Not everyone is helpful in what Strauss and Howe call a Crisis Era. This is not a matter of ability or resources, but of attitude. I have recently encountered numerous highly intelligent, capable, and often firmly upper-middle class men who at the slightest provocation vehemently insist that the United States is doomed. This year alone, they have predicted at least three of the last zero national calamities. Repeatedly failed scenarios make no impression on them. Some of these people are actually planning to run and hide somewhere.

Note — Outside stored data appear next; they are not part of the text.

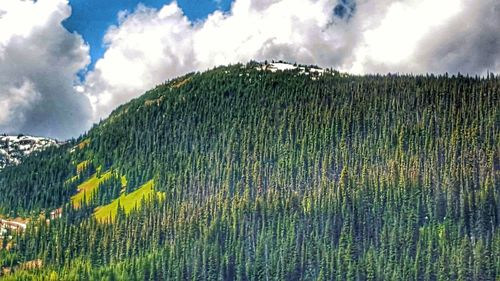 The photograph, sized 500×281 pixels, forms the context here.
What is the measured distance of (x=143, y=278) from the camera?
19450 centimetres

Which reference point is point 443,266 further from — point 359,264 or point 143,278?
point 143,278

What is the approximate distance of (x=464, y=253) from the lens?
166375mm

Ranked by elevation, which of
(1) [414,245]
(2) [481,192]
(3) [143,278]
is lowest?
(3) [143,278]

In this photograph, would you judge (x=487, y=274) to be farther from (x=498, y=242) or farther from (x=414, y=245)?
(x=414, y=245)

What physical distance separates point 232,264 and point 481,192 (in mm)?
83337

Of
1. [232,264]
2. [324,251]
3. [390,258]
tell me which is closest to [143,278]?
[232,264]

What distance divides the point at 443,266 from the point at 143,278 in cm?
9057

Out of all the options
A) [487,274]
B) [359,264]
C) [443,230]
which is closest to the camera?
[487,274]

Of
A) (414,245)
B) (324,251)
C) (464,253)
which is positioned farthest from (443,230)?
(324,251)

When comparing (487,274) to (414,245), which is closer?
(487,274)

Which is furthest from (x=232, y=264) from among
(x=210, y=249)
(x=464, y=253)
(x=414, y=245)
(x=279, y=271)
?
(x=464, y=253)

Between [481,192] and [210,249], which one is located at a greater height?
[481,192]

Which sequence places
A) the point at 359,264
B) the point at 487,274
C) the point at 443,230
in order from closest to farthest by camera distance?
the point at 487,274
the point at 359,264
the point at 443,230

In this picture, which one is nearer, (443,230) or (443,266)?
(443,266) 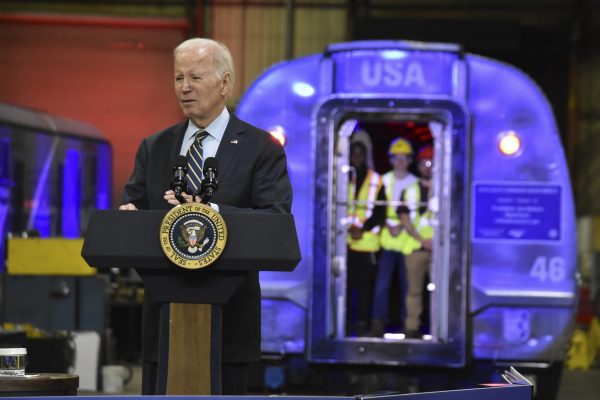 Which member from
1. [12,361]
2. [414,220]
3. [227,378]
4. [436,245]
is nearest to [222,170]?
[227,378]

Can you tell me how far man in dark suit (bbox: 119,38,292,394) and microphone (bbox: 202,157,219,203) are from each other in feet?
0.50

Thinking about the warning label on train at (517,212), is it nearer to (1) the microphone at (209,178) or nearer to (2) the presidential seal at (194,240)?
(1) the microphone at (209,178)

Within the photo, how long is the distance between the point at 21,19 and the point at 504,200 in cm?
1420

There is a touch of irony in my advice in this series. I still counsel good management of our inevitable fears, but I do not deny that there will be those among our countrymen who become net liabilities, and some of them will be feigning constructive criticism even as they utter every discouraging word they can devise.
Beyond the nattering nabobs of negativism, what types will constitute the enemy within? World War II was exceptional among Crisis Eras in American history in that there was no substantial domestic opposition. The Civil War had – besides the quarter of the population in outright rebellion – the Copperhead Democrats; the Revolution had Tories, constituting about a fifth of the population which fled the country afterward; and what Strauss and Howe call the Glorious Revolution Crisis of the late 1600s had a variety of antagonists, including most of the indigenous population of New England.
We got lucky in World War II largely because Hitler remained in alignment with the pre-existing German obsession with depopulating and recolonizing Eastern Europe, and therefore invaded the Soviet Union. Communist sympathizers in the US, and there were plenty of them, thereby became effectively loyal for the duration of the conflict.
The geopolitical alignment of the “Crisis of 2020” has, of course, not yet been fully determined, but given who we have been fighting, and who has attacked us, in recent decades, it seems altogether likely that we will be opposed by much of the Muslim world. That said, I am not convinced that American Muslims will be especially disloyal – they immigrated for a reason. Some second-generation Muslims might be problematic, but unless they are somehow able to form networks secured against their more loyal fellow believers, which will not be easy, they should be readily monitored.
Far larger sources of disloyal Americans may be expected to arise among those whose ancestors have been here for centuries, including:

  • The “vast, useless force” (phrase not original with me) of trendy political correctness, most obviously but not exclusively in academia. This subculture already has a wretched tendency to ignore, downplay, or even excuse savagery in Islamist or secular dictatorial regimes in Dar al-Islam, and of course to characterize Israel as the villain in every possible situation.
  • Anyone subscribing to any notion of moral equivalence between the West in general, and the US in particular, and the worst elements of our opponents. If you’ve ever seen an explicit expression of the sentiment that “we’re no better than ISIS,” you know what I’m talking about. This may take a variety of forms. I have so far encountered it only among spectacularly strident opponents of abortion, but it is easy enough to imagine someone invoking, say, CAGW to justify ostensible neutrality.
  • The preachers of doom, as noted by Lord Moran in the quote above, who besides voicing their own terrors are trying to gain as many converts as possible.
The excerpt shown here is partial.